Griffin (1949) first introduced the concept of hydrophilic-lipophilic balance (HLB) to quantify for the relative affinity of surfactant for water and oil. According to this empirical relation, each oil is characterized by "required HLB?? (HLBreq), corresponding to the HLB of the surfactant resulting in the most stable emulsion. However, this method doesn't take into account the effect of other formulation variables such as salinity, hardness, temperature, alkali, alcohol (co-solvent) type and concentration and co-surfactant type and concentration. Winsor (1954) introduced the R-ratio that relates the relative energies of interaction between the surfactant adsorbed at the interface and the aqueous and oil phases surrounding it.

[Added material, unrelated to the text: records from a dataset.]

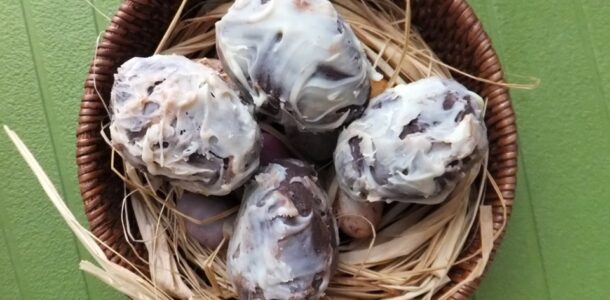 Homemade chocolate Easter eggs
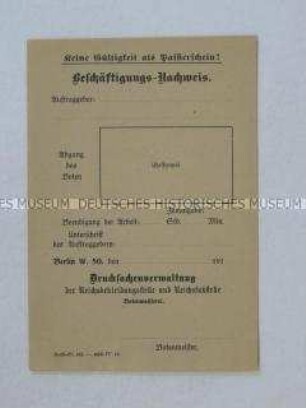 Formular der Reichsbekleidungsstelle - Beschäftigungsnachweis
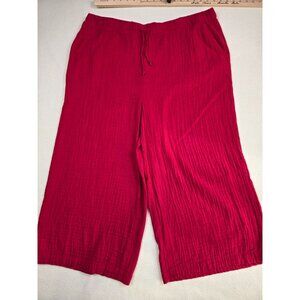Westbound Wide Leg Dark Pink 100% Cotton Elastic Waist Drawstring Pants XL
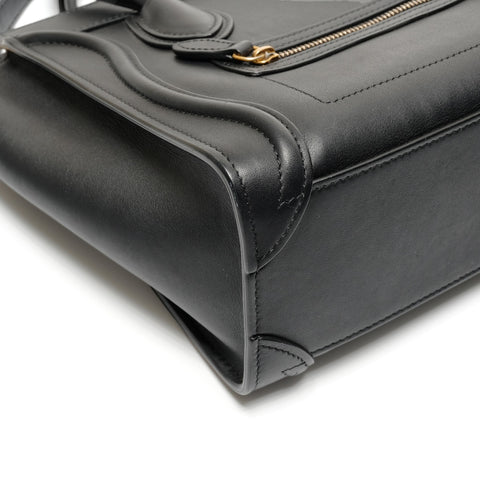CELINE Leather Nano Luggage 2way Handbag black WS26762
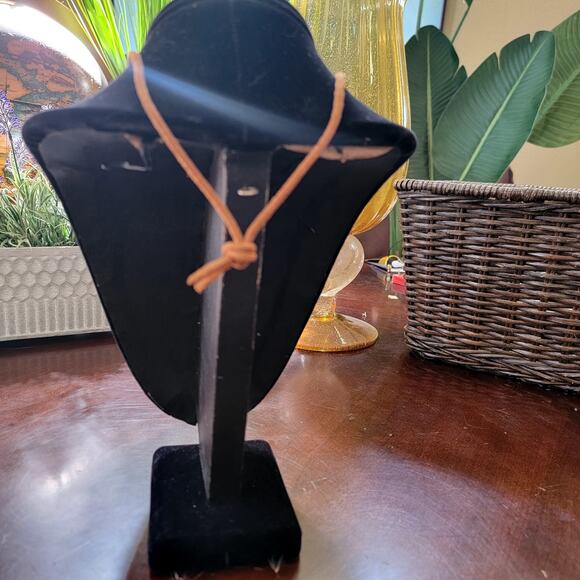 Rustic Vintage Wooden Cross Necklace with Leather Cord & Christian Style Pendant - Picture 5 of 10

It takes into account the molecular effects at the interface, but is still limited by the fact that energies of interaction cannot be measured experimentally. Shinoda (1964) proposed a method based on the determination of phase inversion temperature (PIT) - equivalent to cloud point phenomenon (decrease in hydrophilicity of ethylene oxide moiety of surfactants upon heating). It takes into account the effect of formulation variables (salinity, oil, additives), but in practice this technique can be applied only to ethoxylated nonionic surfactants, since ionic surfactants show opposite sensitivity to temperature.